Watch Yourself creates an environment in which participants interact with computer-processed video images of themselves that are integrated with well-known paintings from the history of art. After putting themselves into these revered cultural icons, the users can print out the results in the form of a postcard. This interactive installation employs a simple virtual-reality technology which requires no special training. The user interaction is easy and immediately satisfying. Typical sessions last from 1-5 minutes. As the participant approaches a video monitor, his or her own image appears there.

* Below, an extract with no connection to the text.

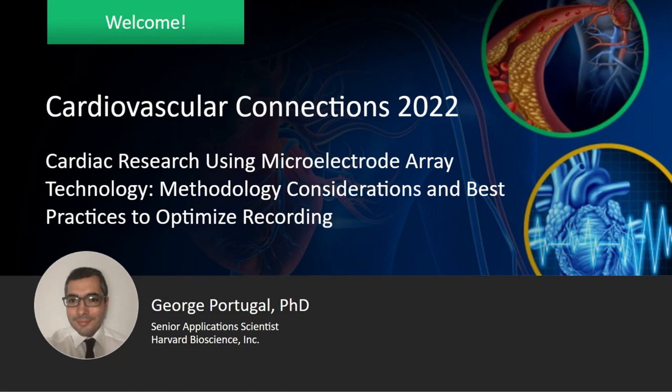Good morning, good afternoon, and good evening everyone, and welcome to the sixth webinar in the Cardiovascular Connections 2022 series. Today's webinar is titled 'Cardiac Research Using Microelectrode Array Technology: Methodology Considerations and Best Practices to Optimize Recording,' featuring Dr. George Portugal, Senior Application Scientist at Harvard Bioscience. Today he's going to give us an overview of microelectrode array technology used for cardiac research and some best practices for integrating this technique into your research.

A small icon extracted from one of the available paintings begins falling from above. As the user catches this icon with his or her own image, the computer grabs the person's picture and immediately displays it in part of the painting from which the icon was taken. If the printer is not busy, the user may choose which painting to work with. Once the participant is happy with the way he or she looks inserted into the artwork, a simple gesture activates the printer, which produces a postcard of what appears on the screen. The installation works automatically and does not require an operator or attendant, except perhaps to collect the fee for a printout. However, it is often useful to have someone present who can coach users into getting what they want more quickly. A second video display is mounted nearby in the exhibition space to draw the interest of potential users.
One of the main motivations of this installation is to play the active involvement of a computer against the passive role assumed by traditional works of art. Another aim is to enhance personal involvement with impersonal cultural paradigms. It makes iconoclasm palpable by allowing users to "vandalize" these hallowed pictures with their own visages.

Unlike iconoclasts of the past who were often merely lobbying for replacement icons, its purpose is rather to highlight the radically different cultural possibilities opened up by computerized virtual realities that attenuate and diversify the imposing authority of tradition. Two specific themes have to do with the presentation of gender in art and the elusiveness of pictorial space.